Merci du fond du coeur aux amis qui ont commenté mon article précédent sur ce blog et sur facebook. C'est un sujet si délicat, si vital, qu'on écrit en hésitant (même 29 ans après le pape !), bravo à ceux qui ont eu ce courage.

Et il me conduit à ajouter à ce billet quelque précision et (non-)témoignage.

Précision 1 : je considère l'entreprise privée, le salariat en CDI, comme une situation assez saine par nature. Je l'ai vécu quelques années, j'ai été employeur également. Je n'ai jamais eu l'impression d'être victime ou auteur de pressions pouvant casser une personnalité.
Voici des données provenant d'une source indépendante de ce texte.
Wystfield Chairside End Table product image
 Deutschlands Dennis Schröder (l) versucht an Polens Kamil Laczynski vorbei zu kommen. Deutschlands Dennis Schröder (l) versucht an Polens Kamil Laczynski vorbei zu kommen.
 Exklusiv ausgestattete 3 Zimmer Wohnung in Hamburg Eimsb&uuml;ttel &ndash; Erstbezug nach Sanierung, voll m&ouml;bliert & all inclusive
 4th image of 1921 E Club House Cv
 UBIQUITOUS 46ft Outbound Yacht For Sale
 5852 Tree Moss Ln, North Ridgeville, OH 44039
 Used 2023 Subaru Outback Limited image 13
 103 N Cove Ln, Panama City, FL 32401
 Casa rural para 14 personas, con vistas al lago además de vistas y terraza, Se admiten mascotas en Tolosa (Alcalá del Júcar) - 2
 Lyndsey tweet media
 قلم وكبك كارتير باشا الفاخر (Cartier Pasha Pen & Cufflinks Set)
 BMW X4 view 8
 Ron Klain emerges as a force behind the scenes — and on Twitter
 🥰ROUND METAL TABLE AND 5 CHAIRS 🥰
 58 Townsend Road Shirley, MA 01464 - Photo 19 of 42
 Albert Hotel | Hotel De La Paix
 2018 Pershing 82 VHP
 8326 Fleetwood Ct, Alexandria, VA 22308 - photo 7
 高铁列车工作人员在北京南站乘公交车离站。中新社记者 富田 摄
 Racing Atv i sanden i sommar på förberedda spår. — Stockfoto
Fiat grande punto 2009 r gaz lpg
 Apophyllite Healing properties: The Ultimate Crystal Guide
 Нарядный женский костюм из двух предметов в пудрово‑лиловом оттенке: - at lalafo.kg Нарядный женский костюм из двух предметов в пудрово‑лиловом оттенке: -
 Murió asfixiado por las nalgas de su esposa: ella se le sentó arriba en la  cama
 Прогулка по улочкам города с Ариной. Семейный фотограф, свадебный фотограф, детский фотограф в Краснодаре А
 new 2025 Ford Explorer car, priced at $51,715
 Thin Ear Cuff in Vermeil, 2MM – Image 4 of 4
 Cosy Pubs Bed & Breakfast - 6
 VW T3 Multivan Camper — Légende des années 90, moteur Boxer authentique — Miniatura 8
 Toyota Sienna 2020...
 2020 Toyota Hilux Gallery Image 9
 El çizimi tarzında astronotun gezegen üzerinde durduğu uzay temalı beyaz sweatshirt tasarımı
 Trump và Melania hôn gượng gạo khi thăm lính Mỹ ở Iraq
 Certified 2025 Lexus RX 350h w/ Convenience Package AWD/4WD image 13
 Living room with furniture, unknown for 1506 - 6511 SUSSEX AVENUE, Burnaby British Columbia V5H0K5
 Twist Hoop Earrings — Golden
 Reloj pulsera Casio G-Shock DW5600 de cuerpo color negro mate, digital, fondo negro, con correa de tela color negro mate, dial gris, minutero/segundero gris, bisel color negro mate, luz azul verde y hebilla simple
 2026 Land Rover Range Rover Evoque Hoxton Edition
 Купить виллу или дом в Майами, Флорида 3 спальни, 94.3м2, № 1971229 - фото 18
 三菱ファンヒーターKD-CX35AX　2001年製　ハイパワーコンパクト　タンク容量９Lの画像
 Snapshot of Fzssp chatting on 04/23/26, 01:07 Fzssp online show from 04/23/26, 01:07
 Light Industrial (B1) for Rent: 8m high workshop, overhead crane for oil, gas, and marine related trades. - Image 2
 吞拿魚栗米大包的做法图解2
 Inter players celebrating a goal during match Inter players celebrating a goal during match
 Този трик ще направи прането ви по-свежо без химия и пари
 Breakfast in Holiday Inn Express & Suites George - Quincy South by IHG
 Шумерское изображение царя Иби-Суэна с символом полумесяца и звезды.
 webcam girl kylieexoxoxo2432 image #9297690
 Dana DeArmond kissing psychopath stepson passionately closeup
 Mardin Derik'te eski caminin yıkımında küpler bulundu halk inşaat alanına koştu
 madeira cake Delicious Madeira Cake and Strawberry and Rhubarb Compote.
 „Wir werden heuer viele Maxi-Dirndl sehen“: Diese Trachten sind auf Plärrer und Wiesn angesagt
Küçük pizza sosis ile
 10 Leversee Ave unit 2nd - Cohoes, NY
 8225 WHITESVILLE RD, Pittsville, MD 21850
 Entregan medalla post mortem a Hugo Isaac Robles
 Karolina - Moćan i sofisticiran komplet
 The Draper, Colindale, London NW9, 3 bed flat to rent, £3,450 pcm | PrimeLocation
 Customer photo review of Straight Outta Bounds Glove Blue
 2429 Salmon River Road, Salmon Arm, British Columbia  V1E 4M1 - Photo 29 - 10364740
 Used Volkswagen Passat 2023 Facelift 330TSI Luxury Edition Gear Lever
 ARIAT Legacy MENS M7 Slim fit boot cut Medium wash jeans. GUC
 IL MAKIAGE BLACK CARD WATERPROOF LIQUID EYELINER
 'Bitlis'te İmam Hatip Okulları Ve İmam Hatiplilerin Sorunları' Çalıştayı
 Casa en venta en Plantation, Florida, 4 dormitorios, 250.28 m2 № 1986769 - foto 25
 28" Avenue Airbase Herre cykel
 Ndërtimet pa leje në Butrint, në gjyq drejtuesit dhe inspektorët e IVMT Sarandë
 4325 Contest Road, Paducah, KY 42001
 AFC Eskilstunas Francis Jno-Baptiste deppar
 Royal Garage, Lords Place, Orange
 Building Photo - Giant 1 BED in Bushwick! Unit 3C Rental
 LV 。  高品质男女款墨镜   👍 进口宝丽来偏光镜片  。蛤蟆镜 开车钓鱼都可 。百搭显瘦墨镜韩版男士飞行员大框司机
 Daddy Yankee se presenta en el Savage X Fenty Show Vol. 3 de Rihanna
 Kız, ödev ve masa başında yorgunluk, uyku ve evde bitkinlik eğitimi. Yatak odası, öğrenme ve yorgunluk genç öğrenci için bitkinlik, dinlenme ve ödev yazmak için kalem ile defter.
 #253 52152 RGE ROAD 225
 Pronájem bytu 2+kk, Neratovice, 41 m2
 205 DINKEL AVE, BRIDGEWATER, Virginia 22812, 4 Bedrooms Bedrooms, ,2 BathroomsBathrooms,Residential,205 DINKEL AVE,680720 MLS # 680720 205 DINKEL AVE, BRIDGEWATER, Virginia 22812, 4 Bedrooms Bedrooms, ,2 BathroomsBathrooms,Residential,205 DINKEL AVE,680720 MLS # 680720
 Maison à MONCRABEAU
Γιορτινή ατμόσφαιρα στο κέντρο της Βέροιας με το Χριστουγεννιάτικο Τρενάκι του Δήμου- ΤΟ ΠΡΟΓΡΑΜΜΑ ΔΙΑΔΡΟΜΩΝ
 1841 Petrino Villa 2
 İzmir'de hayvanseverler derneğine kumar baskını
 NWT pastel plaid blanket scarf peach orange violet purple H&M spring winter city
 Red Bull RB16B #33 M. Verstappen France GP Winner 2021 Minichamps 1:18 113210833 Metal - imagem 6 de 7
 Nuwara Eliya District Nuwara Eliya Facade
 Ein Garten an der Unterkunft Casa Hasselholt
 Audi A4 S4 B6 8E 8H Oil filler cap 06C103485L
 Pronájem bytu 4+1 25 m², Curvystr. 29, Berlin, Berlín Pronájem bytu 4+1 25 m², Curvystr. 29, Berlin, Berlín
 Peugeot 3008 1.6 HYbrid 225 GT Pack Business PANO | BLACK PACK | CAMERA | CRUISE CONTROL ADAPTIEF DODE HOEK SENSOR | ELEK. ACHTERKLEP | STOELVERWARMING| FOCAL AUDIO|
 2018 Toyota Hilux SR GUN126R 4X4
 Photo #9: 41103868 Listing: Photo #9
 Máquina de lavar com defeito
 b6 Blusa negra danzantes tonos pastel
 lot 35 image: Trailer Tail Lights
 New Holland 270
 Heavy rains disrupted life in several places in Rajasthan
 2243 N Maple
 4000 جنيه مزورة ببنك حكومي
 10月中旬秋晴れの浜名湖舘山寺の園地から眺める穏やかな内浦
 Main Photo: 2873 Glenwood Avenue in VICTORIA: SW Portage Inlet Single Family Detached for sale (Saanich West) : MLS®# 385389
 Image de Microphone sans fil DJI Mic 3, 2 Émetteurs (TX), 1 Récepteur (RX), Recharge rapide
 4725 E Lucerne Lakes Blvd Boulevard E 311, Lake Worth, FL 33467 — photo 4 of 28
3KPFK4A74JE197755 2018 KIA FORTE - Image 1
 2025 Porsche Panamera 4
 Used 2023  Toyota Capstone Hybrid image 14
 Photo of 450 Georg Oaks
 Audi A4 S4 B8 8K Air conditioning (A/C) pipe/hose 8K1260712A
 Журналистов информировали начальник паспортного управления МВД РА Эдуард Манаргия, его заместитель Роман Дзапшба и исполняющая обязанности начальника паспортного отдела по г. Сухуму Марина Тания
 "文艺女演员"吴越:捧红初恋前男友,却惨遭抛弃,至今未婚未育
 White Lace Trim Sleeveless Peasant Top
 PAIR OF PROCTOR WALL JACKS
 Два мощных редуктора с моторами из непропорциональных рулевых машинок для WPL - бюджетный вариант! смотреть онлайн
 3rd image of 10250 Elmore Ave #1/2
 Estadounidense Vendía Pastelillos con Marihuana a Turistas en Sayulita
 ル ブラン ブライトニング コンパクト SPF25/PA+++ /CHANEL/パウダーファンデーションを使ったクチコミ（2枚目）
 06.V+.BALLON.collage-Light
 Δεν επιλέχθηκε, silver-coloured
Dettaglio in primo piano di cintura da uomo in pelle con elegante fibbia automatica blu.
Même si, il y a 13 ans, j'ai choisi l'indépendance, la liberté.

On oppose souvent grandes entreprises multinationales (présumées inhumaines) et PME (à taille humaine)[1]. Je pense qu'il y a du vrai, mais les mécanismes de "double contrainte" qui écrasent les gens fonctionnent à petite échelle - dans la relation avec les collègues, le chef direct dans le cas de Stéphanie. Cela existe aussi dans les PME. Et cela n'existe pas forcément dans toutes les multinationales.

Précision 2 : bien sûr, le témoignage de Stéphanie dans son dernier mail à son père ne peut être considéré comme un jugement objectif ou représentatif sur son entreprise. Dépressive d'assez longue date à ce que j'ai lu (et son mail à son père y fait allusion), elle voyait certainement son environnement en négatif. Et j'ignore si son travail était en quelque façon une cause de sa dépression, à côté de ce que cette personne vivait hors du travail.

Ce qui m'a frappé, c'est que, indépendamment me semble-t-il de son état dépressif[2], le langage qu'elle a employé pour décrire sa situation au travail m'a semblé ressembler à celui de victimes du totalitarisme.

Qu'est-ce que j'en sais ? Pas grand chose à vrai dire.

Je n'ai aucune expérience personnelle du totalitarisme - avoir vécu, à quelques kilomètres de distance, un coup d'État, n'en tient pas lieu.

Avoir été, fin 1989, acheter un marteau et un burin à Berlin-Est pour attaquer le mur de l'intérieur, ce n'était pas entrer dans le feu, c'était s'amuser à danser sur les cendres éteintes.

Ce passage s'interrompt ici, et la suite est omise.